The National government’s decision to fast-track the replacement of Queenstown’s decrepit one-lane Kawarau Falls Bridge has sparked a political row.
The opposition Labour Party transport spokesman argues the $25 million two-lane bridge and 13 other regional roading projects announced in June are an election year lolly scramble.
Phil Twyford claims the government has previously starved the regions of funding for projects like the bridge because of its concentration on urban motorway projects.
“We think it makes sense to build it, it’s a single-lane 1926 bridge that is not only an important tourism route but it also connects a couple of significant residential developments to Queenstown so we think it’s long overdue and should be built.
“If Labour had been the government for the last six years, it almost certainly would have been built already.”
Local National Party candidate Todd Barclay responds: “You can’t move a lot of vehicles across a hypothetical bridge.
“Labour didn’t build it in nine years and they wouldn’t have built it if they had six more.”
Barclay asks how Labour can promise to build the bridge if it wins the election since it’s likely to be dependent on the Green Party which has said it opposes the regional roading package.
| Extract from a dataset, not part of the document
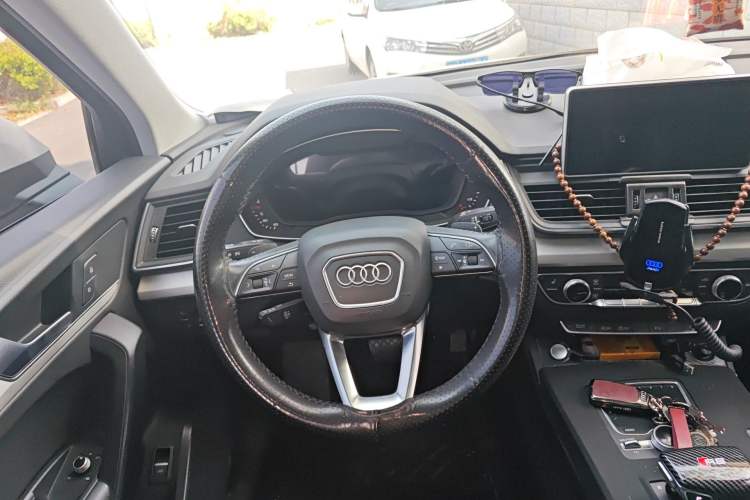 Used Audi Q5L 2020 40 TFSI Prestige Fashion Edition Steering Wheel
“The only party committed to building this bridge in the next three years is National.
“A Labour/Green government won’t deliver.”
Barclay says the $212m roading package also comes from the proceeds of asset sales which Labour and the Greens opposed.
Twyford says while his personal view is the new bridge should be built, “I’m not going to promise you that we’re going to build the bridge in six months or whenever.
“These decisions should be made by officials on the basis of the best economic analysis and what the regions say is their priority.
“I don’t believe that politicians should be walking around the country dishing out lollies as political favours.
“That’s not the way we should be spending our $4 billion-a-year transport budget.”